January 2011

Volume 26 Number 01

The Working Programmer - Multiparadigmatic .NET, Part 5: Automatic Metaprogramming

By Ted Neward | January 2011

In last month’s piece, objects came under the microscope, and in particular we looked at the “axis” of commonality/variability analysis that inheritance offers us. While inheritance isn’t the only form of commonality/variability available within a modern object-oriented (OO) language such as C# or Visual Basic, it certainly stands at the center of the OO paradigm. And, as also discussed, it doesn’t always provide the best solution to all problems.

To recap, what we’ve discovered so far is that C# and Visual Basic are both procedural and OO languages—but clearly the story doesn’t stop there. Both are also metaprogrammatic languages—each offers the Microsoft .NET Framework developer the opportunity to build programs out of programs, in a variety of different ways: automatic, reflective and generative.

Automatic Metaprogramming

The core idea behind metaprogramming is simple: the traditional constructs of procedural or OO programming haven’t solved quite all of our software design issues, at least not in a way that we find satisfying. For example, to cite a basic flaw, developers frequently found a need for a data structure that maintained an ordered list of some particular type, such that we could insert items into the list in a particular slot and see the items in that exact order. For performance reasons, sometimes the list wanted to be in a linked list of nodes. In other words, we wanted an ordered linked list, but strongly typed to the type being stored within it.

Developers who came to the .NET Framework from the C++ world know one solution to this problem—that of parameterized types, also known more informally as generics. But, as developers who came to .NET through Java’s early days know, another solution emerged long before templates (which did, eventually, make it into the Java platform). That solution was to simply write each needed list implementation as necessary, as shown in Figure 1.
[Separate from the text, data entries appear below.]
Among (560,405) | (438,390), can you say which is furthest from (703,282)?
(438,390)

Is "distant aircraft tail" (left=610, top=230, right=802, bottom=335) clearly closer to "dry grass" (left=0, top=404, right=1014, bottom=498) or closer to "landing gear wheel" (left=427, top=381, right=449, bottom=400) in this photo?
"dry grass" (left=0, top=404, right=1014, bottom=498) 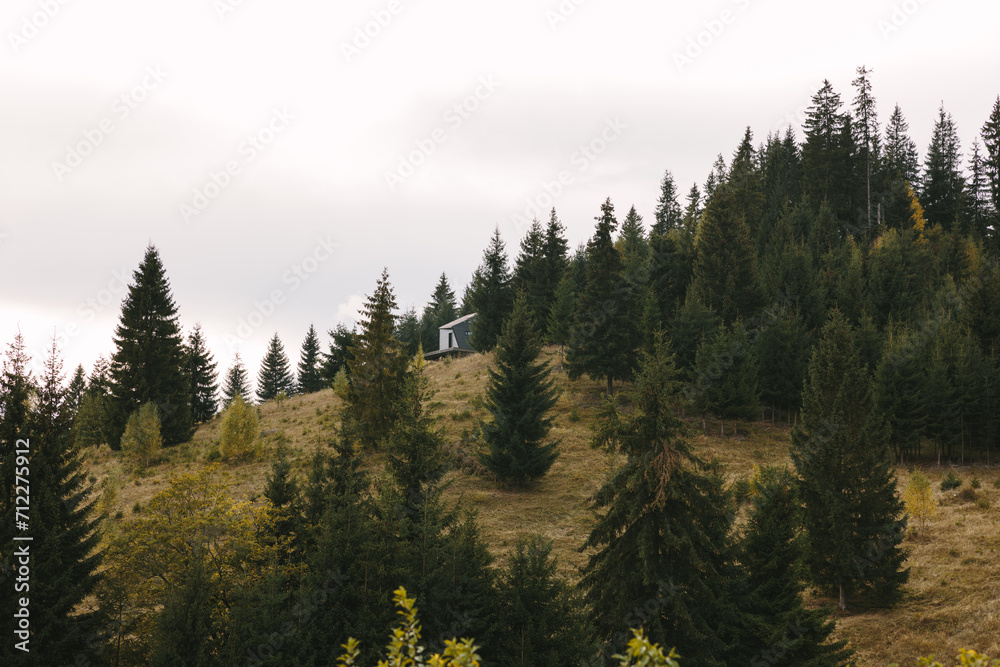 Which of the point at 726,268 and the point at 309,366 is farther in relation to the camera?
the point at 309,366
Figure 1 An Example of Writing List Implementations as Necessary

Class ListOfInt32
  Class Node
    Public Sub New(ByVal dt As Int32)
      data = dt
    End Sub
    Public data As Int32
    Public nextNode As Node = Nothing
  End Class
  Private head As Node = Nothing
  Public Sub Insert(ByVal newParam As Int32)
    If IsNothing(head) Then
      head = New Node(newParam)
      Dim current As Node = head
      While (Not IsNothing(current.nextNode))
        current = current.nextNode
      End While
        current.nextNode = New Node(newParam)
    End If
  End Sub
  Public Function Retrieve(ByVal index As Int32)
    Dim current As Node = head
    Dim counter = 0
    While (Not IsNothing(current.nextNode) And counter < index)
      current = current.nextNode
      counter = counter + 1
    End While
    If (IsNothing(current)) Then
      Throw New Exception("Bad index")
      Retrieve = current.data
    End If
  End Function
End Class

Now, obviously, this fails the Don’t Repeat Yourself (DRY) test—every time the design calls for a new list of this kind, it will need to be written “by hand,” which will clearly be a problem as time progresses. Although not complicated, it’s still going to be awkward and time-consuming to write each of these, particularly if more features become necessary or desirable.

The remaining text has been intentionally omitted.